Frederick Rese was a German-born American Roman Catholic bishop.
Background
Frederick Rese was born on February 6, 1791 in Weinenburg, Hanover, of impoverished parents, John Gotfried Reese and Caroline (Alrutz). The German pronunciation of his father's name was ray-zay, and for some reason, in after life, Frederick, wishing to preserve the original sound, changed the spelling to Rese. He always wrote it with two grave accents, though contemporary documents from the Roman authorities omit them.
Education
He was left an orphan at an early age and was apprenticed to a tailor.
Career
He traveled from town to town, working at his trade.
In 1813 he joined a cavalry regiment and fought throughout the War of Liberation until Waterloo, where he served under Blucher. As a journeyman tailor he worked his way to Rome and here entered the Propaganda as a theological student. Among his intimate friends was count Mastai Ferretti, later Pius IX. Ordained a priest on Trinity Sunday 1822, he volunteered for the African missions. The climate proved detrimental to his health, and about 1824 he returned to Germany and soon answered the appeal of E. D. Fenwick, bishop of Cincinnati, for German priests. Accompanying the bishop to the United States, he became the first German priest in the Northwest.
He lived laborious days, ministering to the German Catholics in Cincinnati, attending German missions throughout the diocese, and engaging in controversies with bitter Lutheran divines. Going abroad in 1829 to enlist German priests for the Middle West, he aroused the interest of distinguished leaders of the Church and of the Austrian empire in the American missions and was instrumental in founding the famous Leopoldine Society of Vienna (named for Archduchess Leopoldine, later empress of Brazil), which contributed generously to the support of German parishes and schools in the United States. His appeal for aid at the Redemptorist monastery at Maria Stiegen encouraged the Redemptorist Fathers to extend their activities to the United States (1833), where the society grew rapidly and established German parishes and institutions in a score of dioceses.
As Fenwick's vicar-general for Michigan-Wisconsin, Rese attended the scattered Indian missions and white settlements as superior of such missionaries as Stephen Badin, Frederic Baraga, and Samuel Charles Mazzuchelli.
Because of his administrative experience and command of languages, he was named first bishop of Detroit and was consecrated by Bishop Joseph Rosati on October 6, 1833. During the next four years he established St.

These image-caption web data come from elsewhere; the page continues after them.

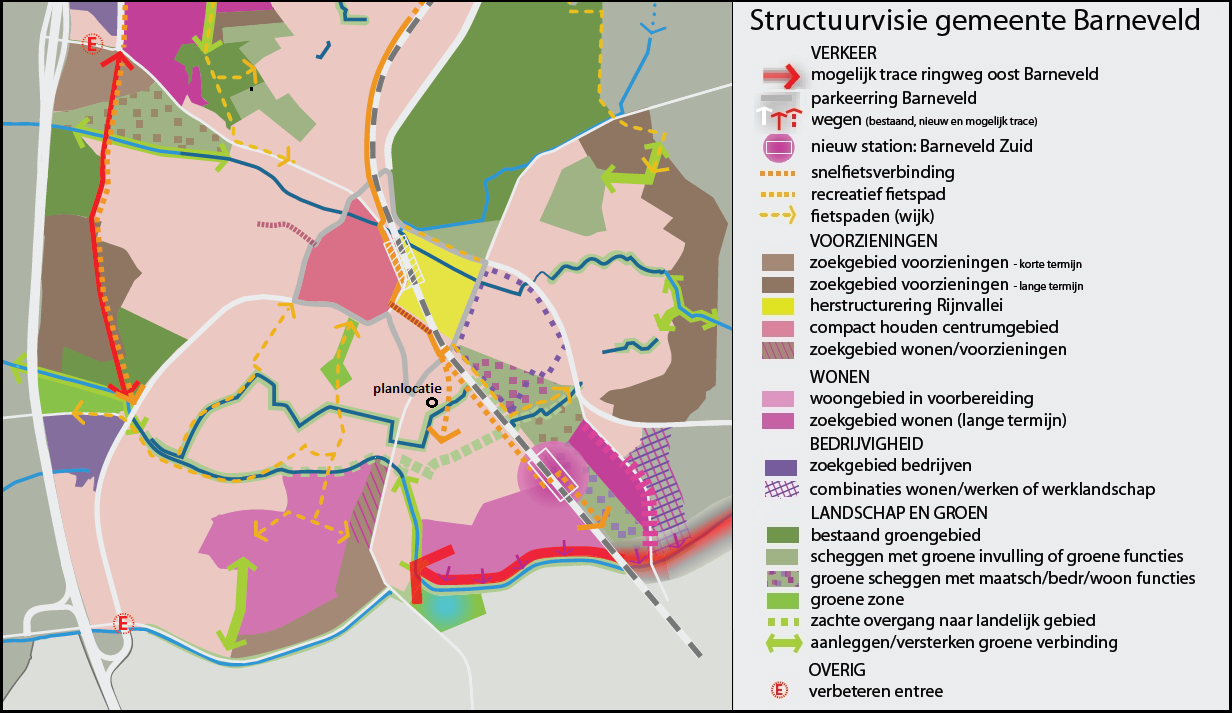 afbeelding "i_NL.IMRO.0203.1337-0004_0008.png"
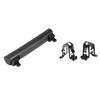 Car Tailgate Trunk Inside Handle/Buckle For Mercedes-Benz B GLA Class W156 W246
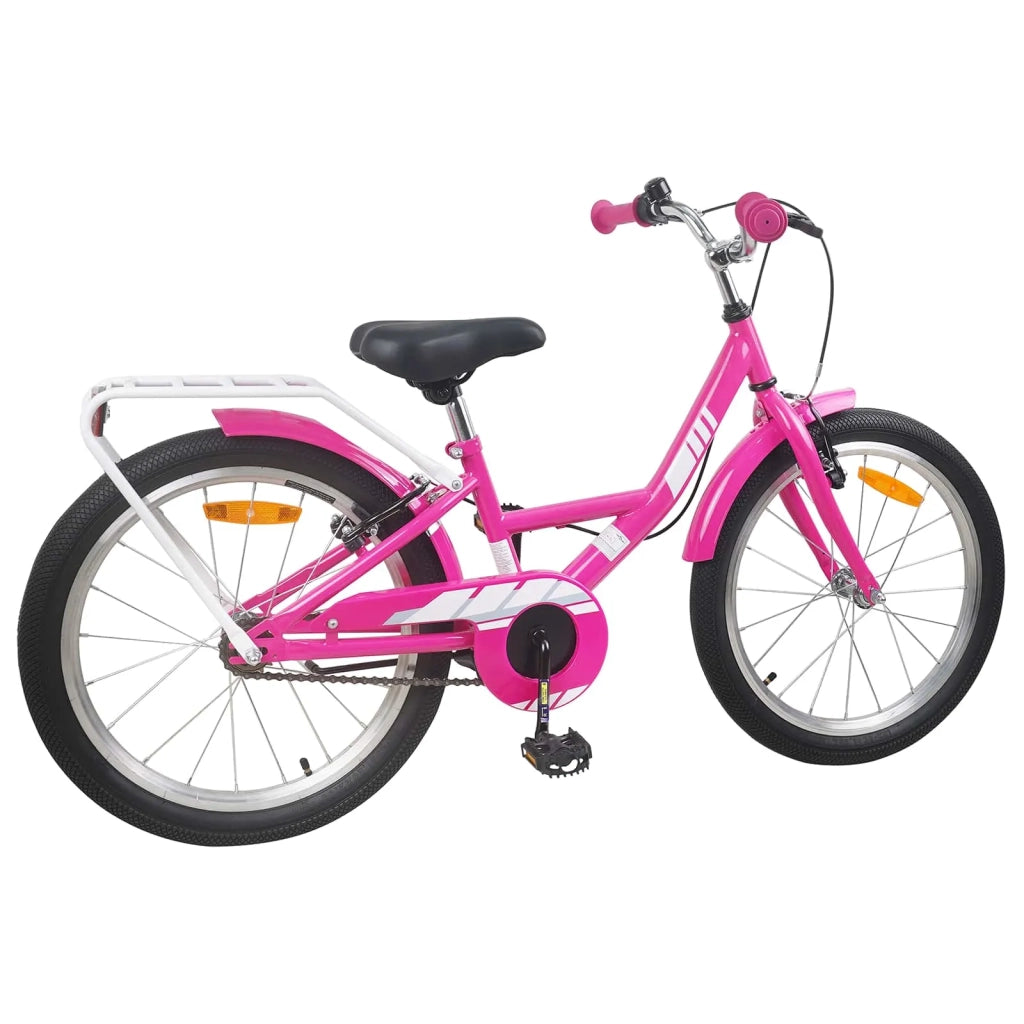 Bicicletta per Bambini | Bici per bambini 20 Pollici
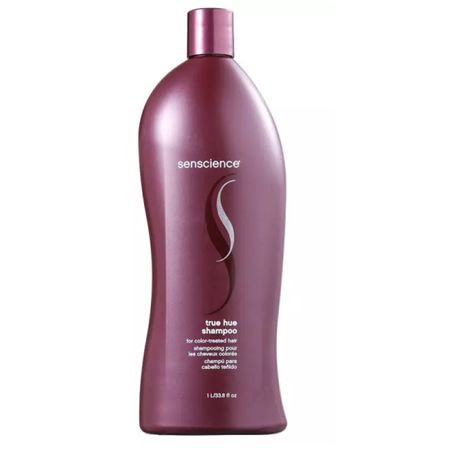 Senscience-True-Hue-Duo-1L-e-Inner-Restore-Intensif-Moisturizing-Mask-50ml--4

Philip's College at Hamtramck; introduced the Sisters of St. Clare, who temporarily maintained academies at Detroit and Green Bay; completed Gabriel Richard's Church of St. Anne, Green Bay; provided several Indian schools; built Holy Trinity Church in Detroit for English speaking Catholics; and bravely struggled with the growing racial rivalries and trusteeism.

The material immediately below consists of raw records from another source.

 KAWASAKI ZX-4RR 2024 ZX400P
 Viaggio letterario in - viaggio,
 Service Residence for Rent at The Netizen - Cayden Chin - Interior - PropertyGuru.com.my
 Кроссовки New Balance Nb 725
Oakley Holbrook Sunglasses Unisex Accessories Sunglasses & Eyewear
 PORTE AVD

A broken man with a failing mind, he offered to resign or accept a coadjutor in 1837, but the Third Provincial Council of Baltimore referred the matter to Rome. Not until 1841 was a bishop-administrator, Peter Paul Lefevere, appointed. Rese retained his title, however, although the remainder of his life was spent in the seclusion of a Roman monastery and in hospitals at Lappenburg and Hildesheim, Germany. In the latter town he died.